WHAT IS EXPECTED
Since the listing below shows pictures, leave them out and write out exactly the lines from the line with "porsche-718-boxster-roadster-big-3" to the line with "Used 2022 MINI", both included, and no others.

EXERCISE INPUTS
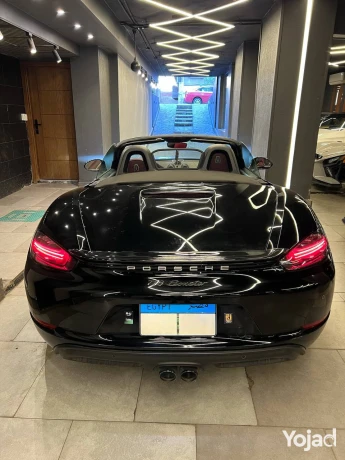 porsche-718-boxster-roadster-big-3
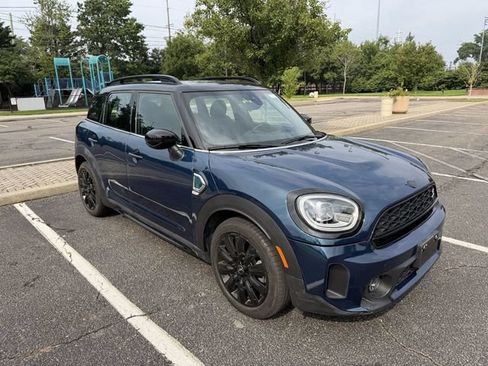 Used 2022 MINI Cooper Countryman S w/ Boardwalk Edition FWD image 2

...

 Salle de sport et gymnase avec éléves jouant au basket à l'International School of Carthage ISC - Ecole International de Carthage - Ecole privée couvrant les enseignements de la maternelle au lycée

==

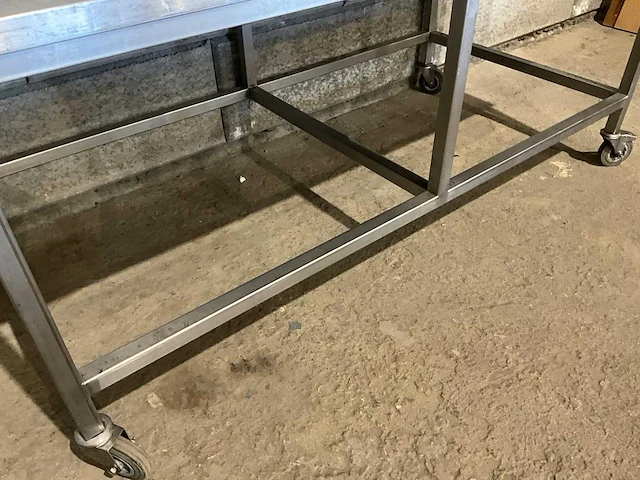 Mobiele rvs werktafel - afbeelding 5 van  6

EXERCISE RESPONSE
 porsche-718-boxster-roadster-big-3
 Used 2022 MINI Cooper Countryman S w/ Boardwalk Edition FWD image 2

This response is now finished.